## What the exercise asks
Omitting all pictures, print the lines of the listing from the one containing "Kristal Boncuklu Aren Gelin Kına Tacı" through the final line, both ends included, with no other text.

## Information provided
○ ○ ○ ○
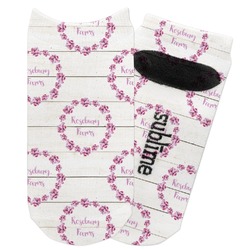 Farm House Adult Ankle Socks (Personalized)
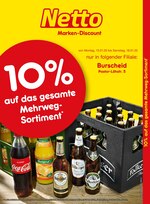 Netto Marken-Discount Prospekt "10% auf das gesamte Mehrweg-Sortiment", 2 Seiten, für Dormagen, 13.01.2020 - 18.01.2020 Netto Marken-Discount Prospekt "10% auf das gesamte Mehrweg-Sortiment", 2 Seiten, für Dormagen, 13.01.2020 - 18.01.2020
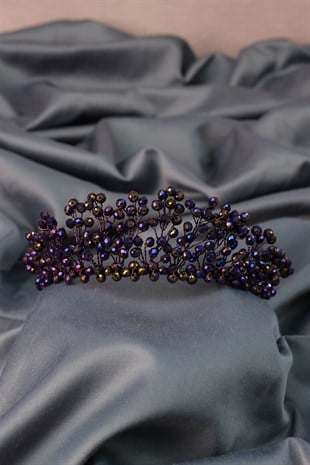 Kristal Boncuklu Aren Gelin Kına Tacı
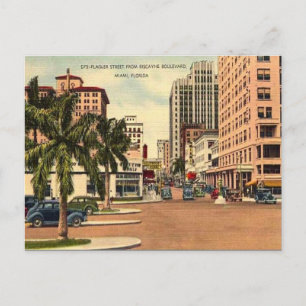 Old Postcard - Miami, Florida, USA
○ ○ ○ ○
## Result for this task
 Kristal Boncuklu Aren Gelin Kına Tacı
 Old Postcard - Miami, Florida, USA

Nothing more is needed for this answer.